Simplified tax regimes reduce both tax rates and compliance costs for small firms. On the one hand, these regimes increase the number of businesses formally registered and have the potential of also expanding the safety net when they subsidize the contributions to social security of workers in micro firms. On the other hand, they likely incentivize tax evasion due to the discontinuities in the tax schedule they introduce, and distort several micro-level margins, distortions which potentially accumulate into lower levels of aggregate productivity and GDP. In this paper, we exploit data from household surveys and administrative records for Peru, Brazil, and Mexico to examine the likely effects of special regimes on tax revenues, social protection, and resource misallocation. We find bunching of firms around the eligibility threshold of various tax regimes in Peru. This can be due to misreporting to tax authorities or to firms limiting their size to enjoy the benefits of the special tax regimes.
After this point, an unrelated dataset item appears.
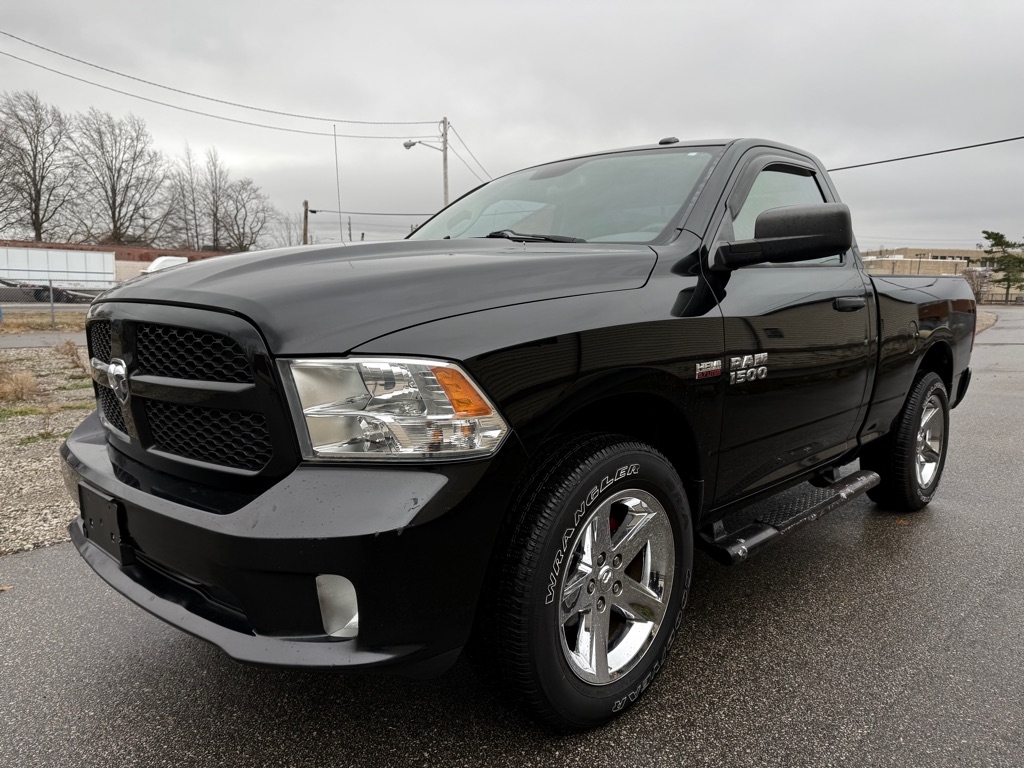 RAM 1500 Tradesman Regular Cab SWB 4WD 2013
In Brazil, we document how the introduction of a special tax regime benefiting the self-employed might have generated incentives for workers to register as entrepreneurs. Finally, in Mexico we find suggesting evidence showing how the introduction of a new special tax regime for small businesses in 2014 might have led to an increase in the number of employers contributing to the social security of their employees and in the number of self-employed making voluntary contributions to social protection. In all these instances we do not quantify exact causal effects, but we present instead descriptive evidence undoubtedly helpful to direct future research.

Suggested Citation

  • Azuara Herrera, Oliver & Azuero, Rodrigo & Bosch, Mariano & Torres, Jesica, 2019. "Special Tax Regimes in Latin America and the Caribbean: Compliance, Social Protection, and Resource Misallocation," IDB Publications (Working Papers) 9511, Inter-American Development Bank.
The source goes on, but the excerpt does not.